# What to produce
Would you set down the data below exactly as shown?

Stored items
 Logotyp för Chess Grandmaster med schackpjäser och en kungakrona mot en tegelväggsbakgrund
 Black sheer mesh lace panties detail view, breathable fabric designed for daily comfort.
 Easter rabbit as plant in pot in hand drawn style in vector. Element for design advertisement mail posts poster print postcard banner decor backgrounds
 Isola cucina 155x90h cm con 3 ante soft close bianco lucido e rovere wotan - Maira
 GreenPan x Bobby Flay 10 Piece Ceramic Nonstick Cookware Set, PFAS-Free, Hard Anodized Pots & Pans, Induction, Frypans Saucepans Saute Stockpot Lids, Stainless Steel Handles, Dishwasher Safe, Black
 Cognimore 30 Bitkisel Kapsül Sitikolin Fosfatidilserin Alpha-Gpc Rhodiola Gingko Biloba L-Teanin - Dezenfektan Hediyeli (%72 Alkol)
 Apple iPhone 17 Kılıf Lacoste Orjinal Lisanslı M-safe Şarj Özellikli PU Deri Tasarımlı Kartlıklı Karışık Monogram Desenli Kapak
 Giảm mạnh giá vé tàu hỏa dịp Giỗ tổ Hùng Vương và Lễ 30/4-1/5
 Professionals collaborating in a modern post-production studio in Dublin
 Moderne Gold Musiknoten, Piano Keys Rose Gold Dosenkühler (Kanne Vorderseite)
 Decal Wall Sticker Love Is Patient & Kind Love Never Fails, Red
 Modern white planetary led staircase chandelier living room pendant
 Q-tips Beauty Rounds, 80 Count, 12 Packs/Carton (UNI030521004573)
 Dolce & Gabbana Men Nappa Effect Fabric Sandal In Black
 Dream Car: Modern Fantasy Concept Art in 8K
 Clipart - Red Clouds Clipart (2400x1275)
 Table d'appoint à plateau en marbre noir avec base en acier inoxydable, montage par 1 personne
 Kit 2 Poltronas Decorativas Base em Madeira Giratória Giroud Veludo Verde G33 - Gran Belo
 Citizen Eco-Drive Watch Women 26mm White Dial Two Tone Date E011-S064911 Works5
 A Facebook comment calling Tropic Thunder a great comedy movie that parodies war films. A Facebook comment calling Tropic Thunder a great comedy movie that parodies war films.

# Worked solution
 Logotyp för Chess Grandmaster med schackpjäser och en kungakrona mot en tegelväggsbakgrund
 Black sheer mesh lace panties detail view, breathable fabric designed for daily comfort.
 Easter rabbit as plant in pot in hand drawn style in vector. Element for design advertisement mail posts poster print postcard banner decor backgrounds
 Isola cucina 155x90h cm con 3 ante soft close bianco lucido e rovere wotan - Maira
 GreenPan x Bobby Flay 10 Piece Ceramic Nonstick Cookware Set, PFAS-Free, Hard Anodized Pots & Pans, Induction, Frypans Saucepans Saute Stockpot Lids, Stainless Steel Handles, Dishwasher Safe, Black
 Cognimore 30 Bitkisel Kapsül Sitikolin Fosfatidilserin Alpha-Gpc Rhodiola Gingko Biloba L-Teanin - Dezenfektan Hediyeli (%72 Alkol)
 Apple iPhone 17 Kılıf Lacoste Orjinal Lisanslı M-safe Şarj Özellikli PU Deri Tasarımlı Kartlıklı Karışık Monogram Desenli Kapak
 Giảm mạnh giá vé tàu hỏa dịp Giỗ tổ Hùng Vương và Lễ 30/4-1/5
 Professionals collaborating in a modern post-production studio in Dublin
 Moderne Gold Musiknoten, Piano Keys Rose Gold Dosenkühler (Kanne Vorderseite)
 Decal Wall Sticker Love Is Patient & Kind Love Never Fails, Red
 Modern white planetary led staircase chandelier living room pendant
 Q-tips Beauty Rounds, 80 Count, 12 Packs/Carton (UNI030521004573)
 Dolce & Gabbana Men Nappa Effect Fabric Sandal In Black
 Dream Car: Modern Fantasy Concept Art in 8K
 Clipart - Red Clouds Clipart (2400x1275)
 Table d'appoint à plateau en marbre noir avec base en acier inoxydable, montage par 1 personne
 Kit 2 Poltronas Decorativas Base em Madeira Giratória Giroud Veludo Verde G33 - Gran Belo
 Citizen Eco-Drive Watch Women 26mm White Dial Two Tone Date E011-S064911 Works5
 A Facebook comment calling Tropic Thunder a great comedy movie that parodies war films. A Facebook comment calling Tropic Thunder a great comedy movie that parodies war films.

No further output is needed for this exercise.